Wall Street Financial Institutions Leads Opposition to Bank Tax

By Courtney Coren   |   Tuesday, 18 Mar 2014 10:01 AM

Several of the nation's largest banks are combating an effort by Republican Rep. Dave Camp of Michigan to impose a new tax on financial institutions and have begun pulling political donations from Republicans until the proposal is stopped.

Bank of America, Citigroup, Goldman Sachs, J.P. Morgan Chase and others are leading the opposition to the proposal by the House Ways and Means Committee chairman, The Wall Street Journal reported.

Industry officials have been putting pressure on GOP lawmakers to oppose the plan, leading 54 Republicans to send a letter to Camp saying they have "deep concerns" about the bank tax, arguing that it will hurt the economy because it will reduce access to credit.

The opposition effort has unified both large and small banks.

"This is a fairly large effort," a spokesman from the bank lobbying group, The Financial Services Forum, told the Journal. "Most of the offices we're talking to are saying they're opposed, and some are willing to make their views known."

While the banking industry donates to both Democratic and Republican candidates, in the 2012 election cycle 69 percent of its donations went to Republicans and 31 percent went to Democrats.

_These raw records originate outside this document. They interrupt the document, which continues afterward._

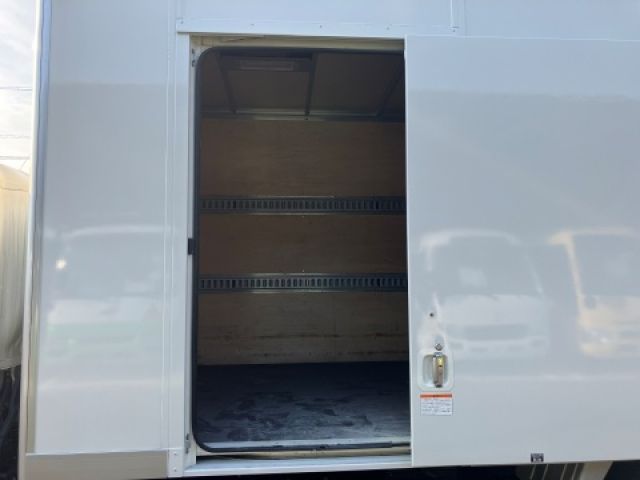 HINO DUTRO 2023 Image 31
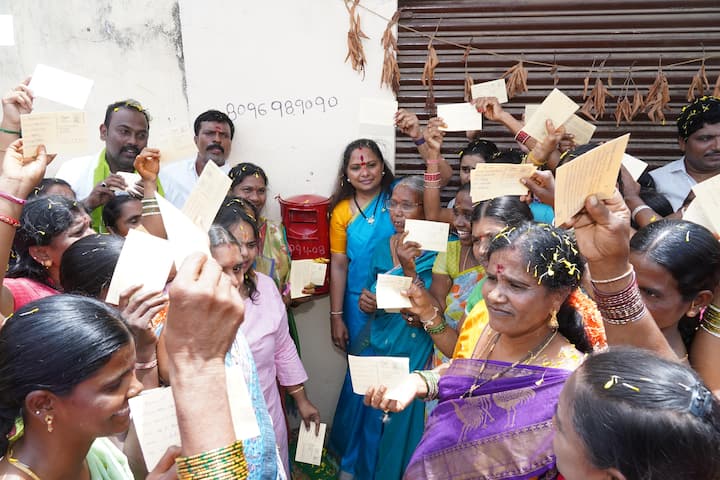 రంగారెడ్డి జిల్లా కేశంపేట మండలం కాకునూరులో స్థానిక మహిళలతో కలిసి కాంగ్రెస్ అగ్రనేత సోనియా గాంధీకి ఎమ్మెల్సీ కవిత పోస్ట్ కార్డులు పోస్ట్ చేశారు. అక్కడ ముందుగా రాజ్యాంగ నిర్మాత బీఆర్ అంబేద్కర్ విగ్రహానికి పూలమాలలు వేసి నివాళులు అర్పించారు. షాద్ నగర్ నుంచే పోస్టు కార్డుల ఉద్యమం చేపట్టారు. మహిళలకు నెలకు రూ.2,500 ఇస్తామన్న హామీని కాంగ్రెస్ ప్రభుత్వం నిలబెట్టుకోవాలని కవిత డిమాండ్ చేశారు.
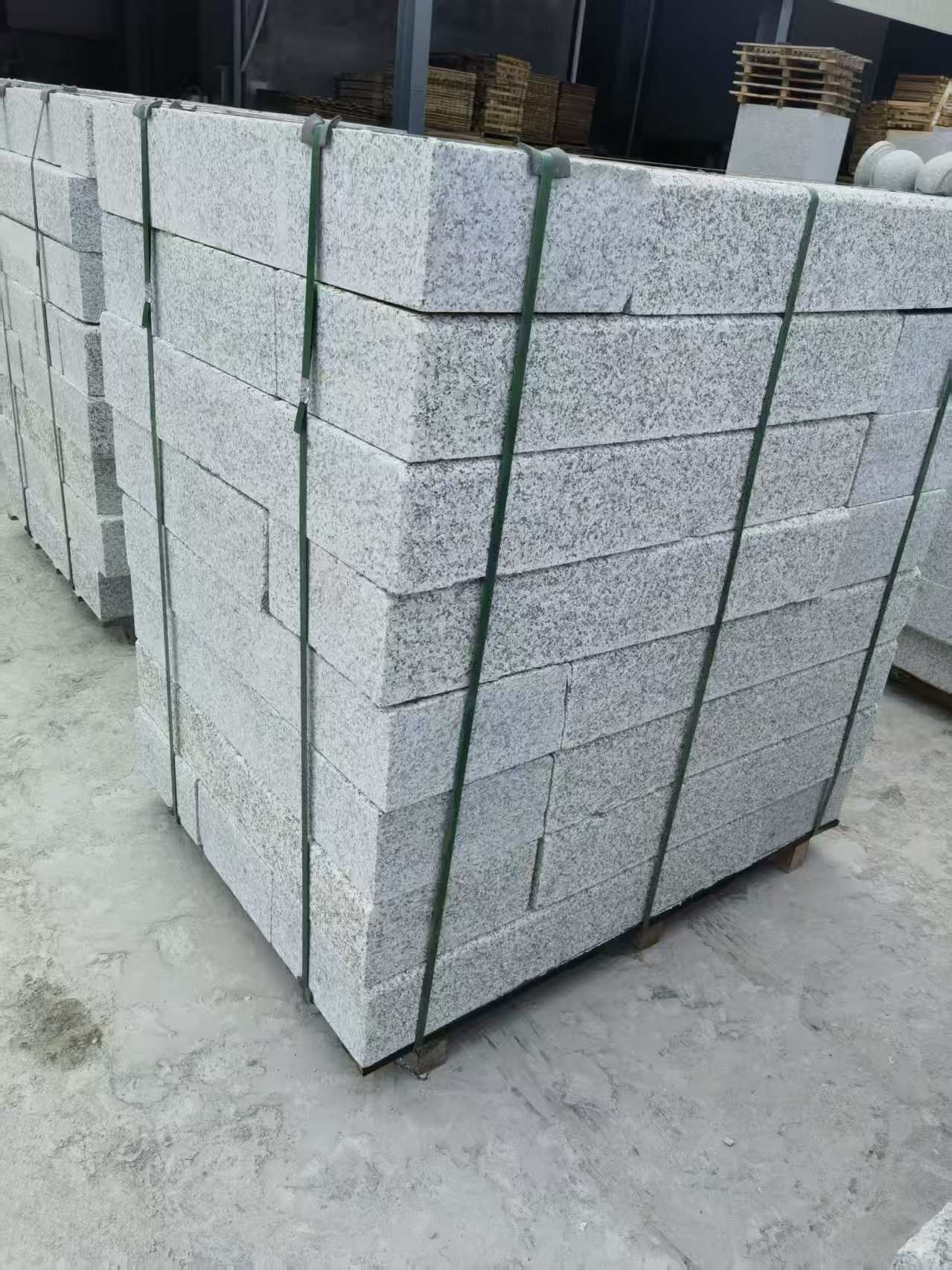 郴州 芙蓉白火烧两面路沿石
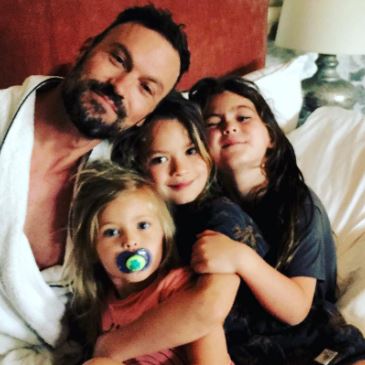 Bodhi Ransom Green with his father Brian Austin Green and siblings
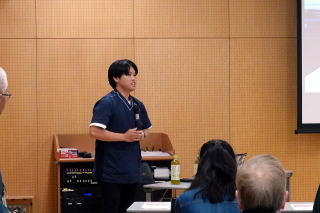 講師の櫻澤玲氏の写真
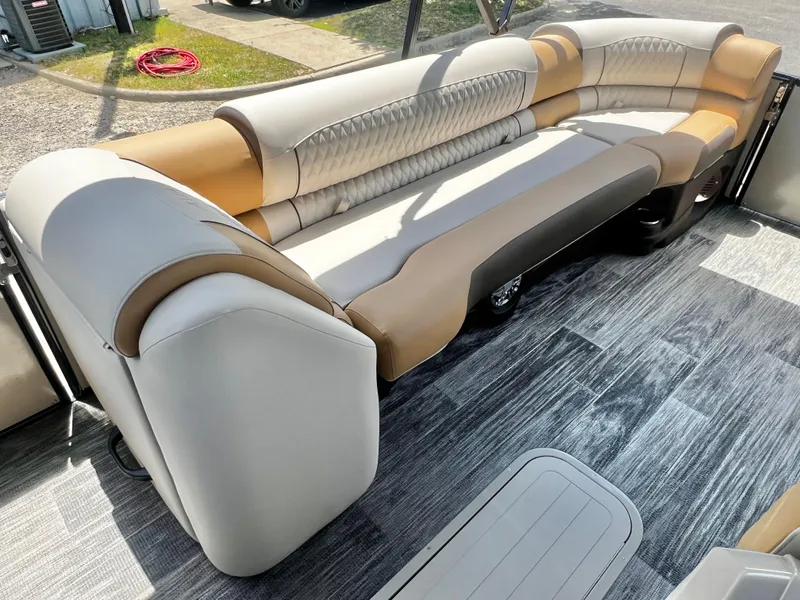 Slide: The Image of Avalon Catalina 25' Versatile Rear Lounge Triple-Toon - ARRIVES THURSDAY 6/12/2025! 2025 - 27
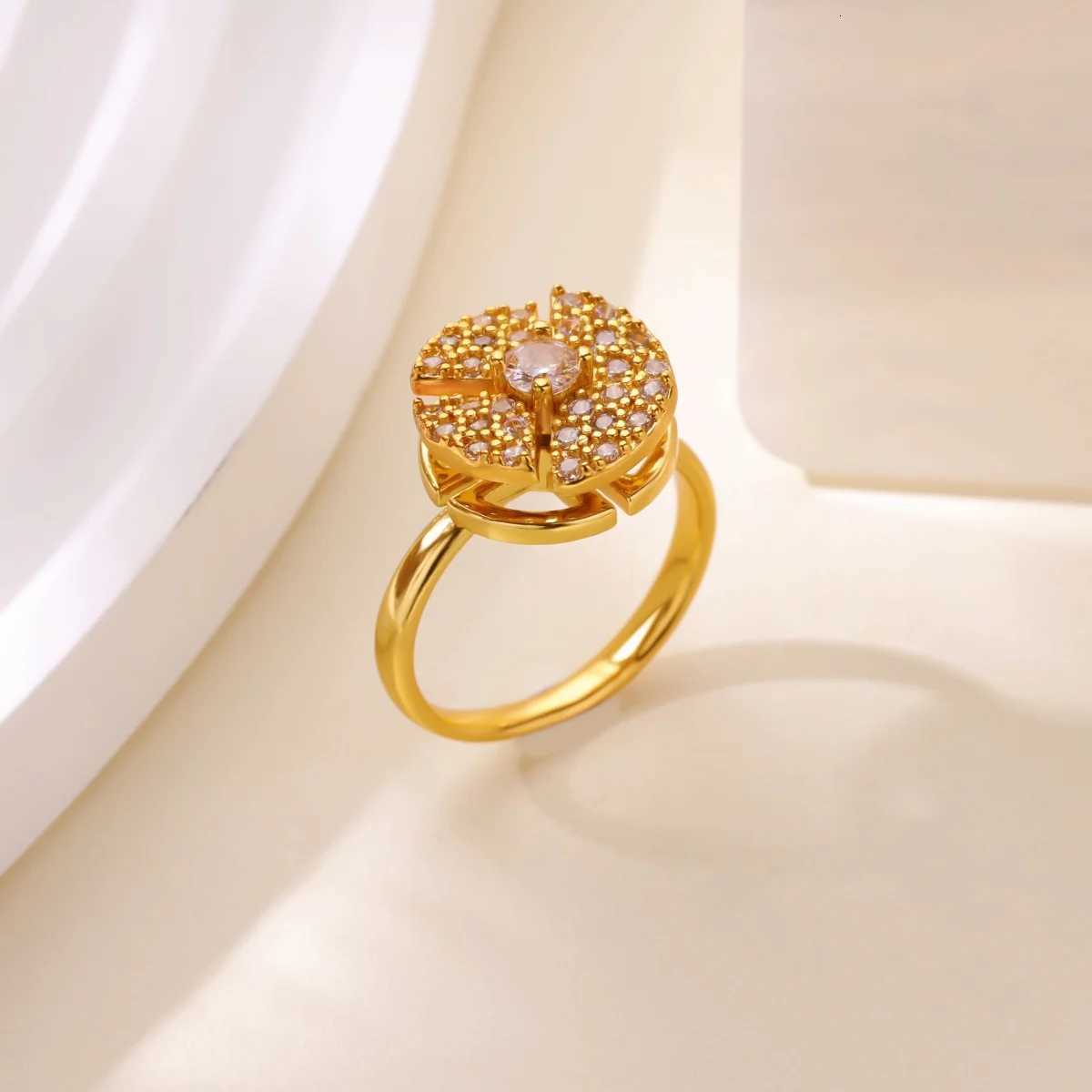 Luxury Zircon Rotatable Star Flower Windmill Ring for Women Stainless Steel Gold Color Cheap Ring Wedding Couple Jewelry rings W250812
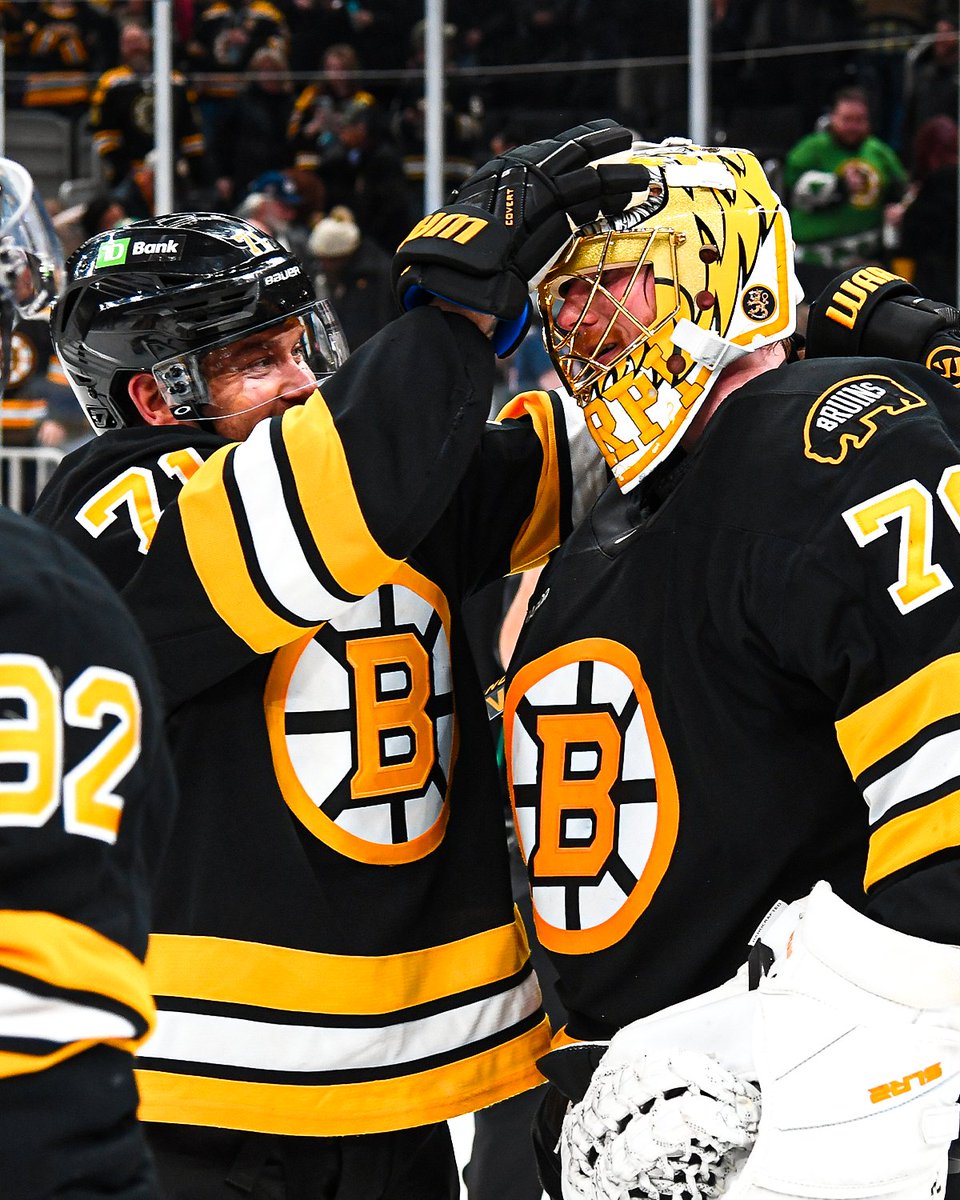 No place like home! 🏠

That's 10 wins in a row at home for the <a href="/NHLBruins/">Boston Bruins</a>!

Wall Street donors began opposing the plan as soon as they heard it was part of Camp's tax overhaul he presented in late February. 

The tax is part of Camp's effort to simplify the tax code and broaden the tax base. It is designed to help offset some revenue loss from a lower proposed corporate tax rate.

It is also of great concern to banks because it has the support of President Barack Obama, who has included a similar proposal in his budget since 2010.

The tax would require banks with more than $500 billion to pay 0.035 percent on total consolidated assets every quarter. Some banks could end up having to pay more than $2 billion per year, if passed. And the federal government would bring in about $86 billion over the next 10 years.

"It's troubling on a number of fronts," said James Ballentine, chief lobbyist at the American Bankers Association. "It seems to be for revenue purposes alone. The message has caught many members by surprise."

Republican Rep. Patrick McHenry of North Carolina, who sits on the House Financial Services Committee called Camp opposing the tax. when he first heard that it was to be included in the tax plan.

McHenry told the Journal that he and other House Republicans think that the levy effectively punishes banks for making loans and unfairly singles out one industry.

"Those of us that deal with financial-services policy every day are a little more steeped in the ins and outs of the consequences of the policies we make and their impact," he said.

Reps. Peter King and Michael Grimm, both from New York, also reached out to Camp voicing their opposition to the proposal in a letter they sent to the Michigan congressman.

"We believe this tax on lending will hurt consumers by making credit less available and more costly, stifle business grown, and cost jobs," the two New York congressmen wrote.